État des lieux

La tendance au cloisonnement reste forte. Les propositions que j'ai évoquées sont assez peu intégrées actuellement dans la formation des enseignants, où que ce soit. Les questions se posent généralement plutôt en termes de continuité entre le primaire et le secondaire. Mais l'idée semble faire son chemin qu'il faudrait peut-être modifier les représentations que l'on a des rapports entre les langues.
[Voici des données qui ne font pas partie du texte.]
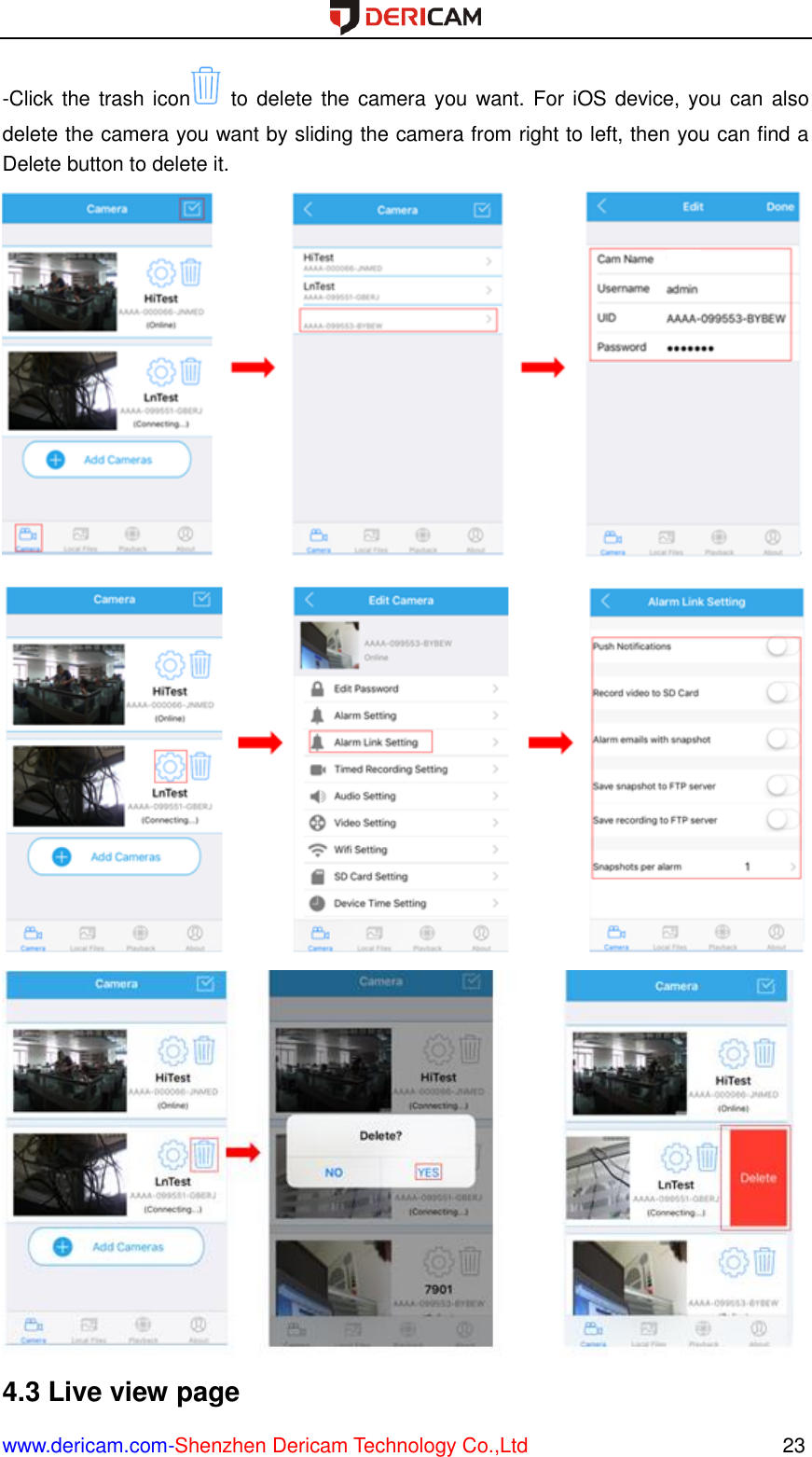  www.dericam.com-Shenzhen Dericam Technology Co.,Ltd                                                  23 -Click the trash icon   to  delete the camera you want. For iOS device, you can  also delete the camera you want by sliding the camera from right to left, then you can find a Delete button to delete it.    4.3 Live view page 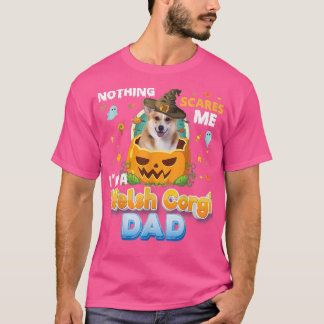 Niets maakt me uit dat ik een Welsh Corgi Dog Pap  T-shirt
Quand un enseignant qui n’est pas nécessairement qualifié pour enseigner telle langue étrangère dans sa formation initiale le fait quand même au niveau du primaire, faut-il en tenir compte ou considérer que cela ne vaut rien ? Il me semble que cette dimension horizontale, transversale, n'est pas suffisamment prise en compte par rapport à la dimension de continuité, de verticalité dans les apprentissages.

"En Europe, les modèles d'immersion totale
semblent primer sur les modèles d'alternance des langues."

S’agissant des formes d’enseignement bilingue, la situation en Europe est très diverse. Dans les pays d’Europe centrale et orientale, on allait parfois jusqu’à consacrer une année entière à l’apprentissage de la langue, avant de passer à l’enseignement d'une ou de plusieurs disciplines dans cette langue. Les expériences que l’on mène aujourd’hui sont beaucoup plus légères, dans les classes européennes notamment. On peut penser que ce système tend très massivement à renforcer la position des langues dominantes (1).

Au niveau européen, les modèles CLIL (2), à dominante anglophone, d’immersion totale, semblent primer sur les modèles d’alternance des langues, tels qu'ils peuvent exister dans le Val d’Aoste, par exemple, où les deux langues sont utilisées en alternance, chez les élèves comme chez les enseignants, pour la construction des mêmes connaissances disciplinaires.

Notes

1. Michel Candelier, il y a une dizaine d'années, prévoyait que l'introduction d'une langue au niveau du primaire renforcerait la position de l'anglais et que l'enseignement bilingue ne pourrait se faire qu'en fin de parcours. On aboutit ainsi à un renforcement des positions les plus fortes sur le marché des langues.
2. C'est le sigle en anglais CLIL (Content and Language Integrated Learning) qui est passé dans les usages en Europe, le modèle dominant semble bien être le modèle anglophone. En français : Enseignement d'une matière par l'intégration d'une langue étrangère (EMILE).